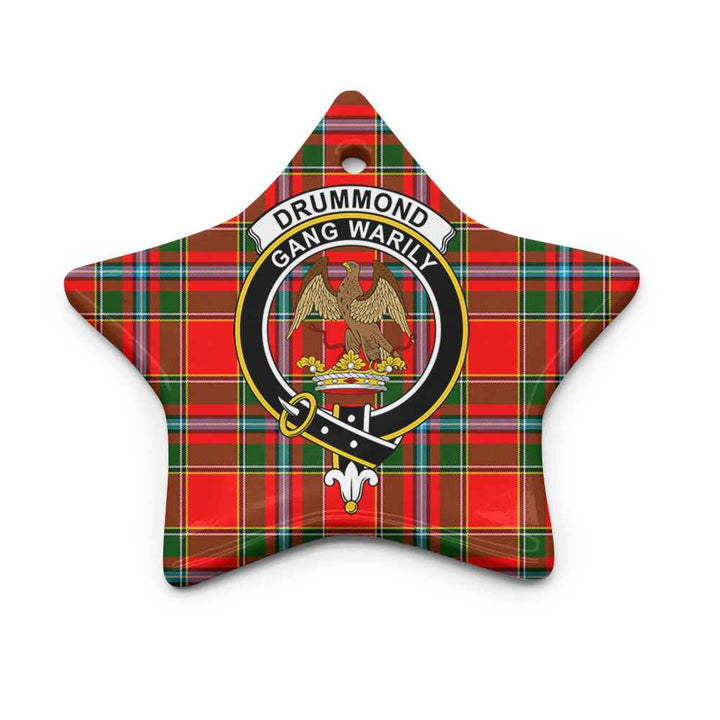 Scottish Drummond Clan Crest Tartan Ceramic Ornament Star Shape Tartan Plaid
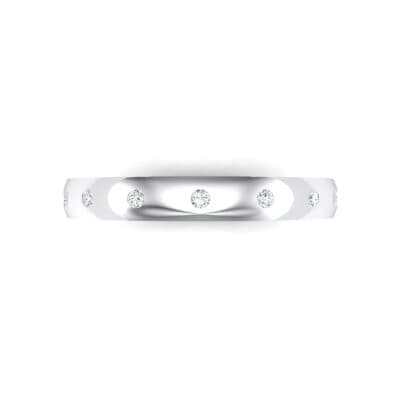 Demilune Bezel-Set Crystal Ring (0.11 CTW) Top Flat View
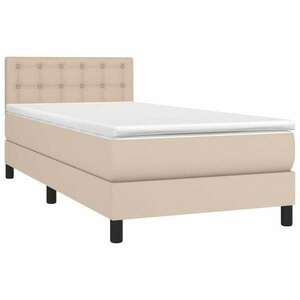 Cappuccino színű műbőr rugós ágy matraccal és led-del 90x200 cm kép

▶ What you have to do: Each line of the listing above belongs in the answer exactly as written; the pictures do not.

▶ Solution to the exercise:
 Scottish Drummond Clan Crest Tartan Ceramic Ornament Star Shape Tartan Plaid
 Demilune Bezel-Set Crystal Ring (0.11 CTW) Top Flat View
 Cappuccino színű műbőr rugós ágy matraccal és led-del 90x200 cm kép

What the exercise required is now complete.